砕石を敷き詰めて配金し、コンクリートを流し込む準備をしています。石垣の部分に強い土圧がかかるので、強い基礎になるように2重の配金です。
今回は以前は階段だった部分を壁にするため、新しい石材を追加しました。元々あった石と違和感のないように、表面を同じようにコブ出しの自然風に仕上げ、それらを組み合わせながらお墓の土台となる壁石部分が完成しました。すべてを新しい石で作る方法ももちろんありますが、せっかくしっかりした良い石を使われていたので、再利用されることをおすすめしました。費用面も抑えることができますし、これまで大切にされてきたお墓の石を残すことができます。
完成です!
お墓手前の基礎も打ち、耐震施工を行ってお墓が完成しました!
全体的に、元々のお墓の石と新しく追加した石とを組み合わせて仕上げました。
お客様のご希望だった、地上式の納骨室を備えたお墓です。棹石とその下の台石、お花立ては元々のお墓のものをクリーニング等して使用しました。
棹石は御影石ではなく、磨かれていないものでしたので、きれいにクリーニングをして仕上げました。台石は加工して奥行きなどを調整しました。お花立てはステンレス製の花筒を入れて、お水の交換も楽にできるようになります。

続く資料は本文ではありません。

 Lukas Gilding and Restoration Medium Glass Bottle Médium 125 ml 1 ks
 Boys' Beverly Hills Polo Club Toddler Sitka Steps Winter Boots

お墓の後方です。元々入り口で階段だったところです。お墓本体も以前の通りに納骨室の上に据えました。納骨室の左右と後方の三箇所に、ご遺骨を湿気などから守るための通気口を設けています。
このように、十分な強度の基礎の上に壁石を設置し、しっかりとお墓を支えています。階段だった部分には新しい石を組み合わせて、石組みの上にある石は元々お墓の後方に使われていたものをクリーニングして使用しています。今回はお客様のご希望で元々のお墓の石をなるべく残すため、ひとつひとつの石をきっちり採寸して、どうやったら有効に石を使えるか、頭をひねって工夫を凝らしたところです^^
お墓の入り口はこのようにフラット入れるようになり、お参り部分も十分な広さがあります。お墓手前には、安全を考えて滑り止めを設けました。また、お客様が「またお花を植えたりするかも・・・」とおっしゃっていましたので、囲いの内部は砂利を入れて仕上げています。通常は草が生えにくいようにコンクリートを全面に打つのですが、お墓の手前の一部はお花などを植えていただけるような構造にしました。
お墓作りを終えて・・・
お客様は、元々のお墓の石と新しい石を組み合わせて作るということで、どうしても違和感が大きくなってしまうのでは・・・と思われていたそうですが、想像以上に自然で、素敵な仕上がりになっているととても喜んでいただけました! 確かに、まるで新しいお墓のようですね^^ 元々の石の精度がよかったこともあると思いますが、頭をひねって工夫して完成したお墓を、とても喜んでいただけてよかったです。
今回は、既存のお墓の石と新しい石とをうまく組み合わせて、いかに違和感なくきれいに仕上げるか、ということが重要でした。自分でも、難しい設計を工夫で解決して工事を無事に終えることができて、いい仕事ができたなあと感じています^^ 既存のものを活かす方法は、費用面を抑えられるということももちろんですが、ご先祖様から受け継いで長く大切にしてこられたお墓の一部を後世に残すという意味でも、とても大切で、素晴らしいことだと思います。お墓を大切に思われるお客様のお気持ちを大切に、今後も様々なお手伝いをしていきたいと思います。